Жена его тоже жаловаться не умела. Однажды нагрянули американцы-журналисты, подивились тесноте геройского жилья: всего-то две комнаты - а она им: « Что вы, две комнаты на двоих очень даже много». И мне потом со смехом: - Если б они знали, что тут в квартире ещё и соседи... Где американцам понять, что такое коммунальная квартира! Хотя соседи у нас хорошие. Идишкинд, - понятно для меня, еврея, добавила русская женщина Ольга Ивановна Печерская.
Неугомонный Печерский в лагерях завёл дневник, шифрованный. Сберёг записи при побеге, в партизанах, армии, после в госпитале расшифровал, в 1945-м был с ними в Москве у Михоэлса , Эренбурга, Каверина... Написал книжечку о собиборском восстании, её - несколько десятков страниц - в 1940-е очень нехотя, после долгой волокиты и вмешательства маститого поэта Павла Антокольского, издали подальше от центра, в Ростове-на Дону, и слову «еврей» в книжке места не нашлось. Евреи-бойцы, да ещё и военнопленные - не приходились ко двору победившей Отчизне.
Помер Сталин, потеплело, в 1964 году храброе молодёжное издательство выпустило новую книгу о Собиборском восстании, вымарав из рукописи скандальное отчество Печерского - Александр Аронович стал просто Сашко. Советского читателя по-прежнему опасались ошеломлять героем-евреем. По тогдашним условиям Печерский мог бы считать себя даже обласканным: освободили от позорящей национальности.
Времена меняются. В двадцать первом веке евреи в Московском Кремле свои праздники справляют, а группа российских и израильских интеллигентов просит российского президента присвоить посмертно Печерскому звание Героя России. Вроде бы и до памятников дело доходит (говорят, такой стоит в американском Бостоне и недавно в израильской Натании поставили). В Мемориале Яд Вашем тоже перемены, однако и в новом большом музее нет ничего о Печерском (как, впрочем, и о восстании в Собиборе ни слова). Улита едет, когда-то ещё будет...
В 2005 г., через 60 лет после Великой войны, вышел в Израиле документальный фильм «Евреи во Второй мировой войне», где говорилось о евреях в американской и британской армиях, о палестинских 42-х евреях-добровольцах, из которых 7 погибло, мелькнуло имя одной из них, героической Ханы Сенеш, Ицхак Арад рассказал о евреях, воевавших среди советских партизан, даже в финале пропел куплет советской песни о гражданской войне 1920-х годов «По долинам и по взгорьям», переиначив название партизан с приамурских на прибалтийских. Вот и всё. В 45 минутах фильма о евреях Красной Армии в войне против гитлеровской Германии только и упомянуто, что было их 500 тысяч. Если главный еврейский бой так замалчивается в еврейской стране, чего же ожидать от остального мира?

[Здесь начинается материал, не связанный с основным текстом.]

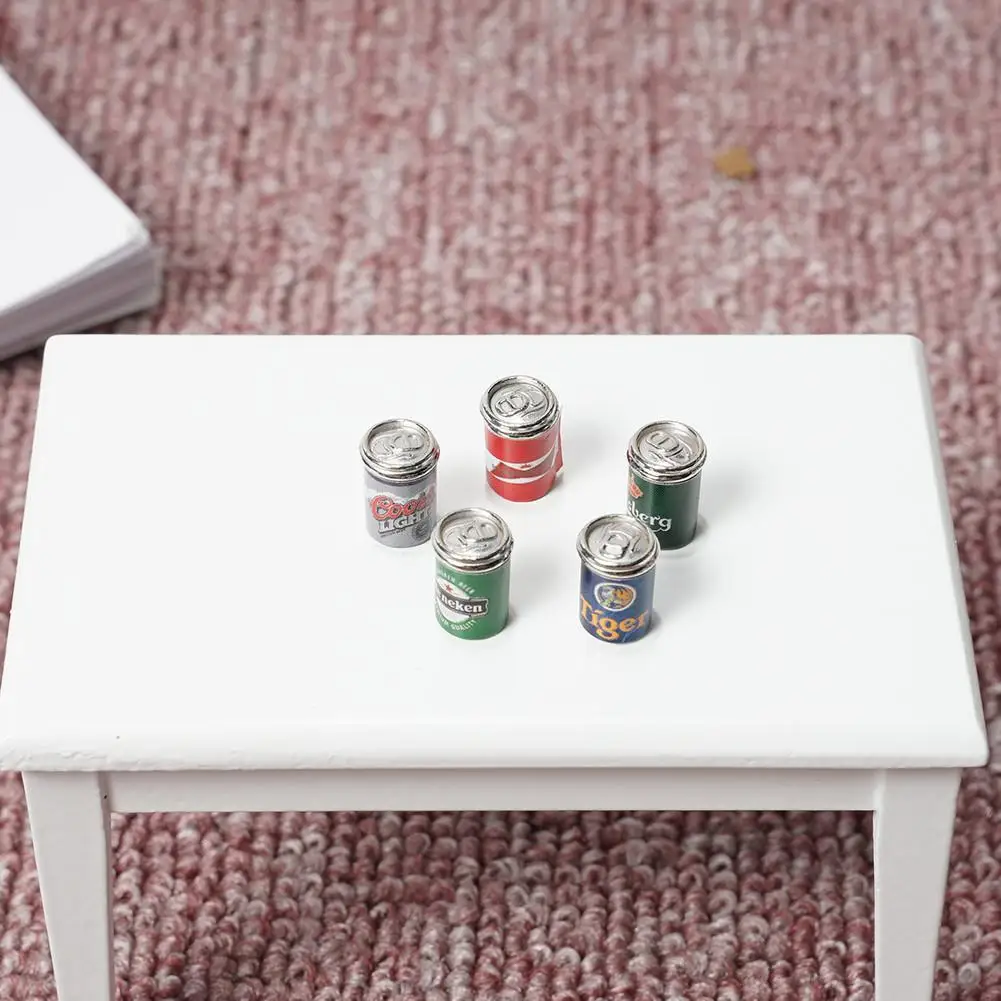 10 Pcs/set Mini Beer Can Aluminum Various Styles Simulation Kit Decoration Accessories Room Model Miniature Living For Home
10 Pcs/set Mini Beer Can Aluminum Various Styles Simulation Kit Decoration Accessories Room Model Miniature Living For Home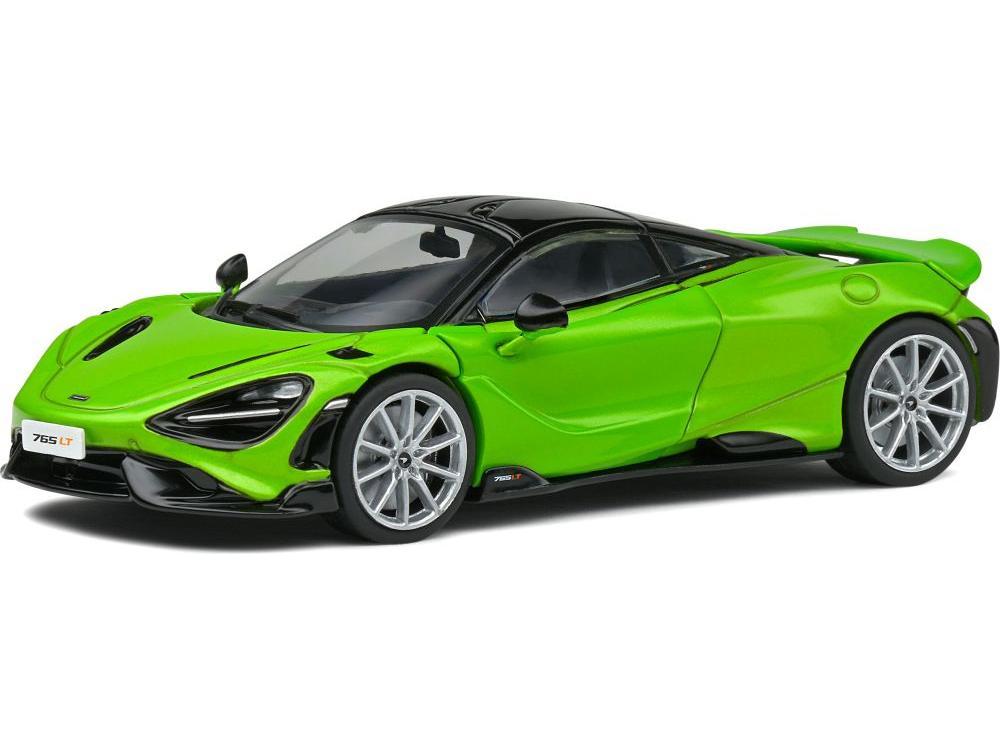 McLaren 765 LT 2020 Green Metallic 1:43 Scale Solido Diecast Model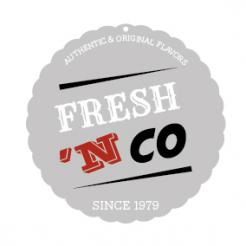 Logo & stationery # 271630 for Young, dynamic and vintage logo for a distributor of fresh and frozen food products contest
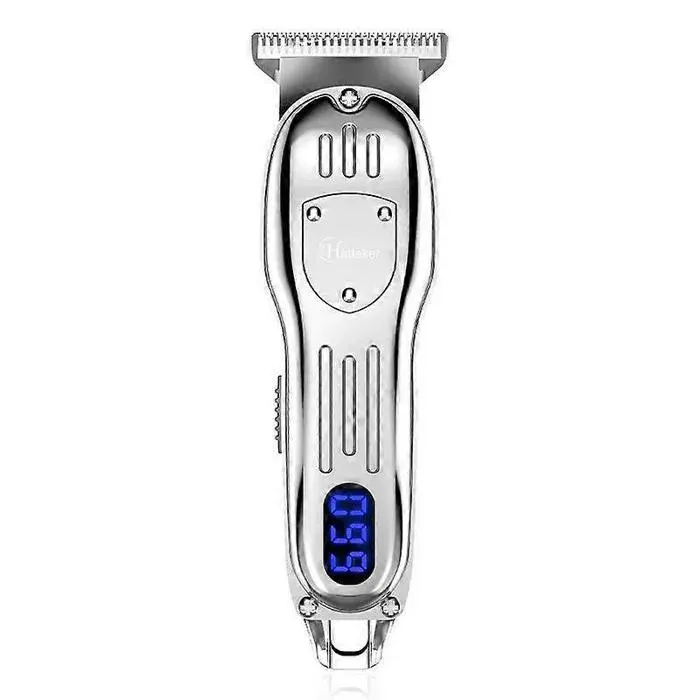 Tondeuse à cheveux professionnelle avec écran LCD pour hommes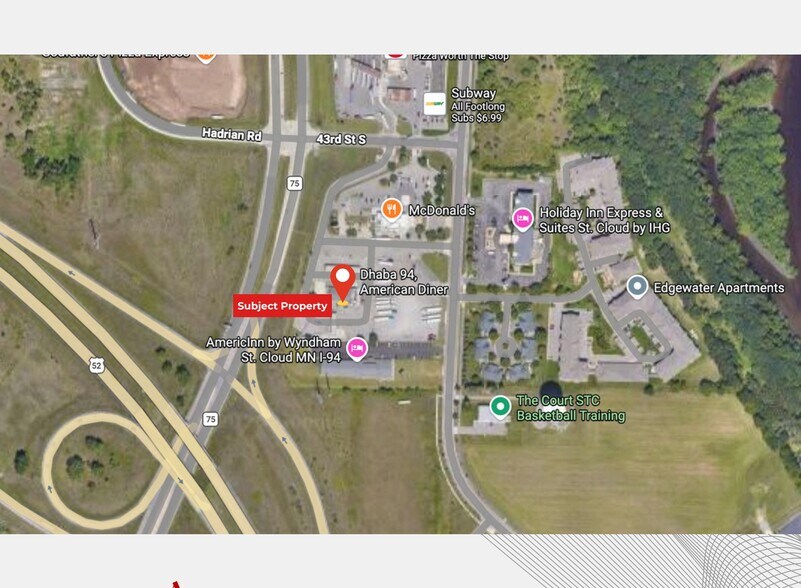 More Photos Of 4325 Clearwater Rd, Saint Cloud Fast Food For Lease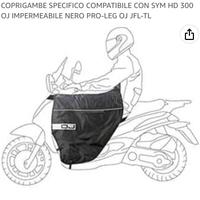 Coprigambe scooter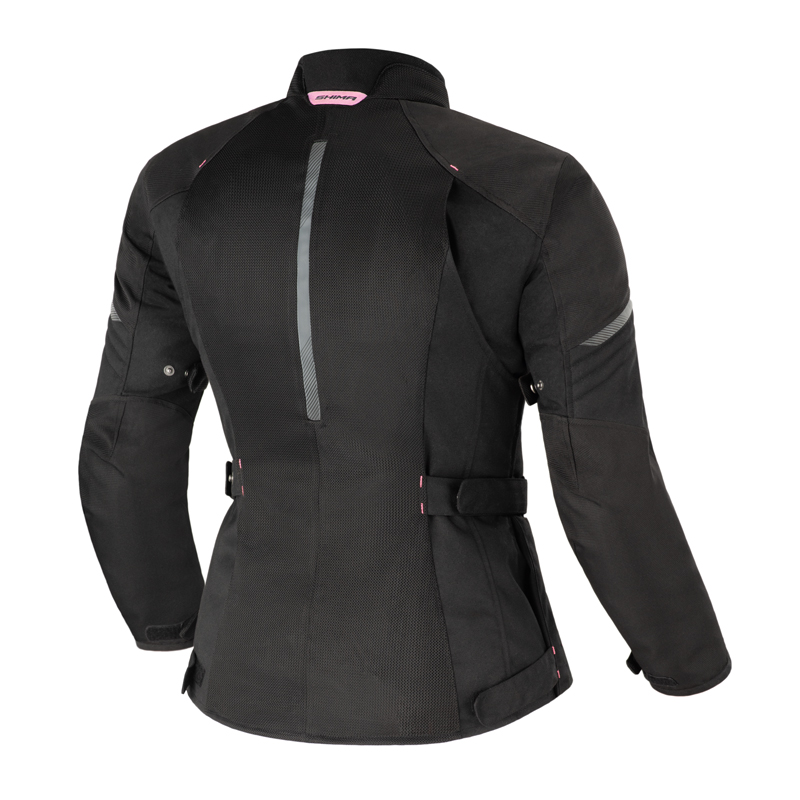 Kurtka motocyklowa tekstylna Shima Jet Lady Black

Утешимся, однако. В обновлённом музее Израильского мемориала наконец-то нашлось место упоминанию о евреях-фронтовиках. В одном из последних закутковобширной экспозиции олицетворением их подвигов выставлены несколько фотографий, в том числе три скромнейших, как для паспорта, портретика избранных воинов Красной Армии, один из них изображает женщину - старшего лейтенанта, молодую, черноволосую, милую, только привлекательной улыбке чуть мешает взгляд сильный и печальный, выдающий прошлое. Оно удостоверено наградами на кителе, где ордена Ленина и два Боевого Красного знамени, и Красной Звезды, и Отечественной войны, и венец советских отличий - Золотая Звезда.